Riccardo Cocciante: un profilo

Cocciante (1)

Sessantanove anni da poco compiuti (20 febbraio) per Riccardo Cocciante, cantautore, interprete, compositore e musicista nato a Saigon, in Vietnam, da padre italiano e madre francese.

Trasferitosi tredicenne a Roma, probabilmente per sfuggire al duro conflitto che sarebbe esploso di lì a poco nello stato asiatico (Guerra del Vietnam), inizia a farsi notare esibendosi nei club capitolini, fino a quando non riceve, nel 1972, un contratto con la RCA Italiana (casa discografica che ha lanciato, tra gli altri, De Gregori, Venditti, Dalla, Mango), per la quale esordisce nello stesso anno con Mu.

Il sodalizio artistico con l’etichetta durerà fino al 1982, per un totale di nove album.

Nel 1983 passa alla Virgin Records, registrando il nuovo album Sincerità negli Stati Uniti, insieme ai musicisti della rock band Toto. Nel 1989 si trasferisce a Miami, per poi tornare in Italia nel ’91, anno in cui trionfa alla quarantunesima edizione del Festival di Sanremo, con il brano “Se stiamo insieme“.

Si dedica, intanto, con sempre maggiore passione all’attività di compositore, che lo condurrà ad essere autore di tre opere musicali, quali Notre Dame de Paris (1998), Le petit prince (2002) e Giulietta e Romeo (2007), ispirate rispettivamente alle opere di Hugo, Antoine de Saint-Exupérì e Shakspeare.

Ha pubblicato anche dei 45 giri con gli pseudonimi di Riccardo Conte e Richard Cocciante, nome, quest’ultimo, con il quale è famoso anche in Francia.

Artista estremamente versatile, che si è ben diviso tra musica italiana, francese e musical.

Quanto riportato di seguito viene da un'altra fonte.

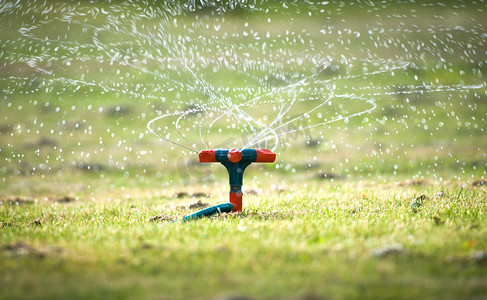 喷撒摄影照片_花园浇水用螺旋喷雾剂的系统.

La sua più celebre marca di fabbrica è il modo di cantare, arrabbiato e disperato. Il suo difetto, invece, sta nel non aver saputo mai produrre un album che suonasse davvero perfetto. Ogni suo lavoro infatti, tolto davvero un paio, coniugava brani estremamente pregevoli ad episodi decisamente scialbi ed incolori

 

ALCUNI ASCOLTI (1972-82):

Mu (1972)

L’esordio avviene con un concept album di stampo filosofico-religioso, avvicinabile al progressive, genere che In Italia avrebbe avuto la sua esplosione proprio in quell’anno, con le opere prime del Banco del mutuo soccorso e della PFM (rispettivamente Banco del Mutuo soccorso e Storia di un minuto).

Album di nove tracce, suddiviso in quattro parti composta ciascuna da due brani, cui si aggiunge un’introduzione generale. Tra i musicisti Carlo Rustichelli.

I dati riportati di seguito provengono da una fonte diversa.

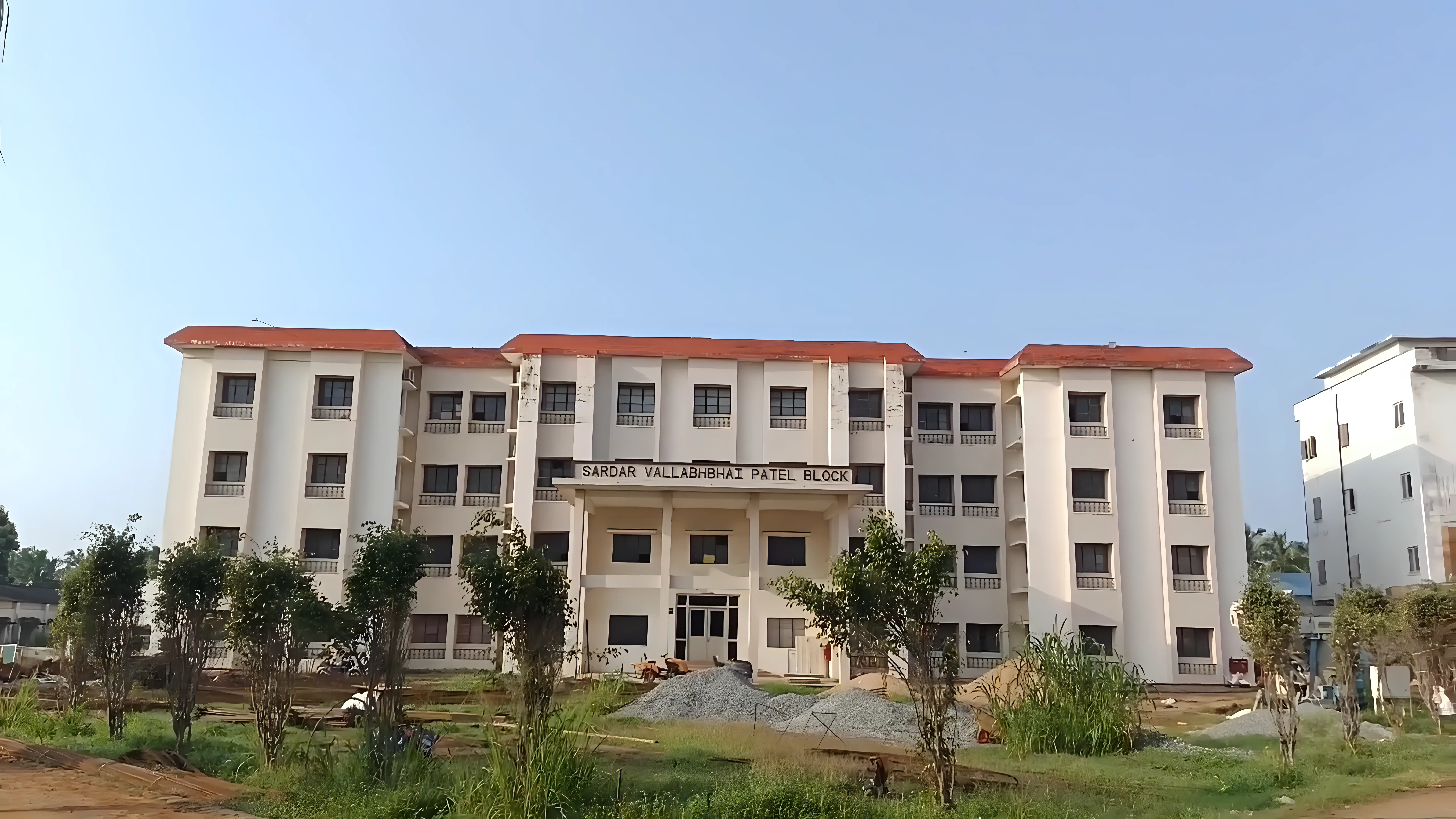 Raghu Engineering College Visakhapatnam Academic Infrastructure photo 2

Lavoro estremamente coraggioso, dalle sonorità molto particolari (sono utilizzati synth, sitar, flauto, arpa indiana) ma, nel complesso, poco assimilabile e un po’ confusionario.

Però merita un ascolto, soprattutto dagli amanti del genere!

mufront

 

Poesia (1973)

Per il secondo lavoro si scelgono, invece, sonorità più semplici, che fanno ricorso a testi d’amore abbastanza ingenui, scritti da Marco Luberti e Paolo Amerigo Cassella, insieme già a lavoro per testi di Fiorella Mannoia. Musiche di Cocciante.

Dieci tracce, il cui punto di forza sta nei cori (Lei, Asciuga i tuoi pensieri al sole), nei passaggi strumentali molto delicati, specie di chitarra (Poesia) e nell’evoluzione improvvisa di alcuni brani (E parlarle d’amore sarà imbarazzante).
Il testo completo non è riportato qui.